`recompute_grad` does not save memory and is incompatible with graph mode
System information
- Have I written custom code (as opposed to using a stock example script provided in TensorFlow): No.
- OS Platform and Distribution (e.g., Linux Ubuntu 16.04): Linux Ubuntu 16.04 and Windows 10.
- TensorFlow installed from (source or binary): from binary (pip install)
- TensorFlow version (use command below): 2.1.0
- Python version: 3.7
- CUDA/cuDNN version: CUDA10.2+CuDNN7.6.5 (Windows), CUDA10.1+CuDNN7.6.5+TensorRT 6 (Ubuntu),
- GPU model and memory: GeForce GTX 1060 with Max-Q Design, 6GB (Windows) and GeForce GTX 1080 Ti, 12GB (Ubuntu)
Describe the current behavior
Using tf.recompute_grad to wrap keras layers does not take any effect.

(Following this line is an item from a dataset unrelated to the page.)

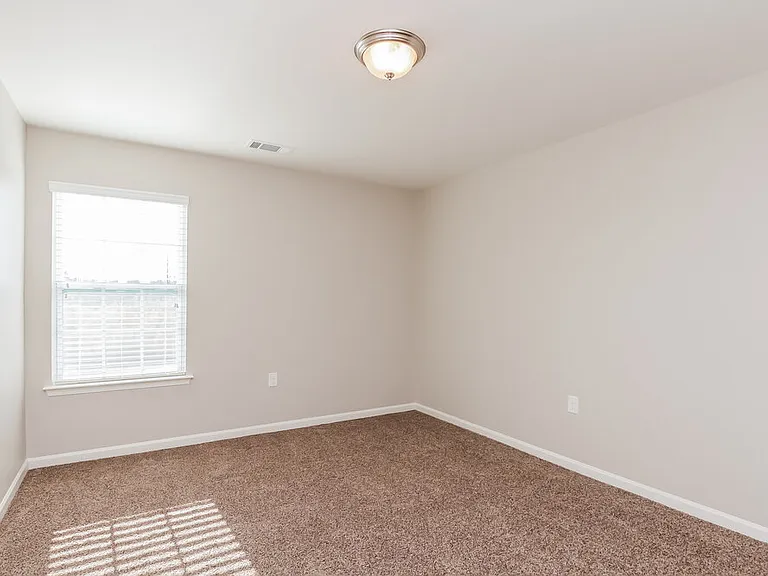 1537 Summer View Ln — Photo 10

I build a DenseNet model and wrap each "-bn-relu-conv1x1-bn-relu-conv" block by the function. But I have not seen any GPU memory reduction on both the Windows and Ubuntu platforms. When eager mode is disabled, it throws "ValueError: Variable <tf.Variable 'batch_normalization/gamma:0' shape=(32,) dtype=float32> has None for gradient.", indicating that using compute_grad blocks the gradient backpropagation in graph mode.

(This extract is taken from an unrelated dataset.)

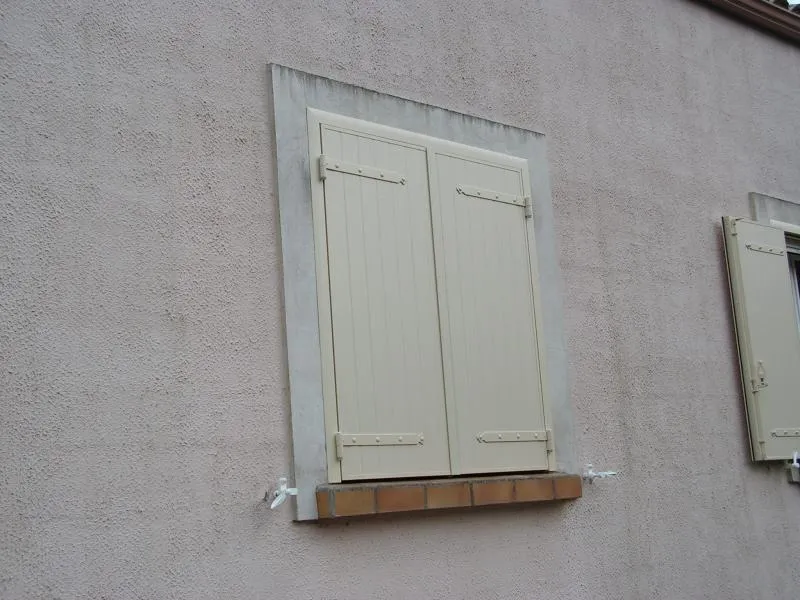 Alès - 30100 - Pose de volets battants ALU sur mesure avec pré-cadre - Photo 2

Describe the expected behavior
The function seems to originate from OpenAI's gradient checkpointing (https://github.com/cybertronai/gradient-checkpointing) and is expected to save GPU memory during training. Recently, a tensorflow implementation of efficient DenseNets (https://github.com/joeyearsley/efficient_densenet_tensorflow) also uses this function to perform the gradient checkpointing (they used tf.contrib.layers.recompute_grad in tf1 graph mode, not exactly the same environment as our case.)
Please fix the incompatibility bug so that the function can still work with the graph mode. If the function is designed to perform gradient checkpointing, please verify its effectiveness. If it is not supposed to implement efficient DenseNets, please provide the correct and effective implementation.

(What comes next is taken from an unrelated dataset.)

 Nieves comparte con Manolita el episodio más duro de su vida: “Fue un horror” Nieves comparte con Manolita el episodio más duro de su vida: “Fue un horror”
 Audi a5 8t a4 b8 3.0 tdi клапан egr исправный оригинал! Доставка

Standalone code to reproduce the issue
import os
import tensorflow as tf
import tensorflow_datasets as tfds
from absl import app, flags
from absl.flags import FLAGS
from tensorflow import keras
flags.DEFINE_list("gpu",
default=None,
help="index of GPU")
flags.DEFINE_bool("recompute_grad",
default=False,
help="whether to recompute gradients to save GPU RAM")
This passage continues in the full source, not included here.